Since 2005, the BNFC has represented Bulgaria in the European Film Promotion organisation. It also works in cooperation with public broadcaster Bulgarian National Television, the Bulgarian National Film Archive, the Union of Bulgarian Filmmakers and other organisations in the field of audiovisual in the production, distribution and preservation of Bulgarian films

The NFC is located at 2A Dondukov Blvd in Sofia.
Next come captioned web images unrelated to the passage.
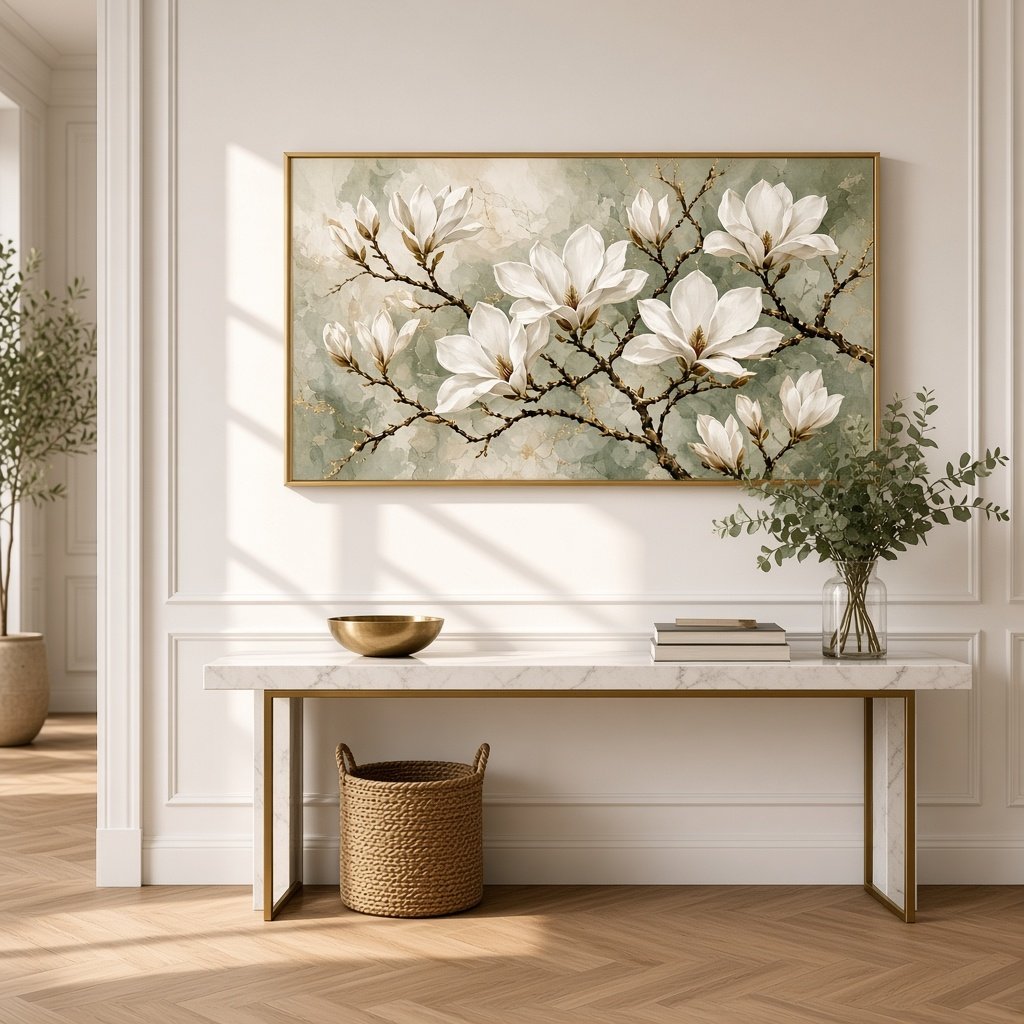 Magnolia wall art above an entryway console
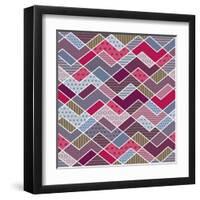 Abstract Geometric Patchwork Pattern-natbasil-Framed Art Print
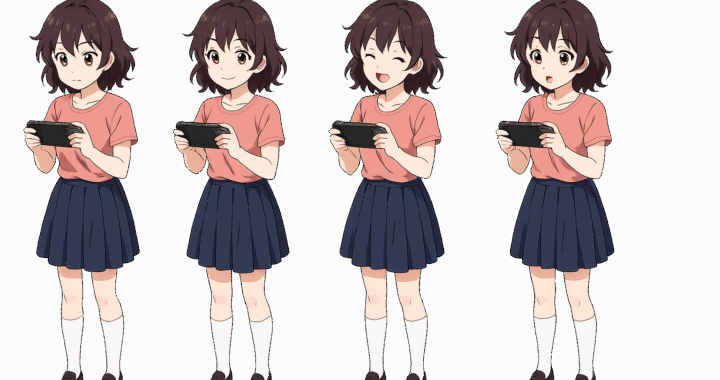 携帯ゲーム機で遊ぶ女性のイラスト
====Academy Award selections====
Bulgarian entries for the Academy Award for Best International Feature Film have been submitted since 1970. Until 2007, they were selected by the Bulgarian National Council on Cinema, and from 2007, by the Bulgarian National Film Council. The body was referred to as Bulgarian National Cinema Council in 2019, when it was presided over by producer Vladimir Andreev, and selected Ága as the Bulgarian entry.

In 2024, the film Triumph was selected as the Bulgarian entry for the Academy Award for Best International Feature Film, by a unanimous decision of a five-member selection committee appointed by the BNFC.

===Bulgarian National Film Archive===
The Bulgarian National Film Archive is another legal entity under the Ministry of Culture. It was established to acquire, restore, preserve, and store film and film-related archival artefacts of Bulgarian and international culture.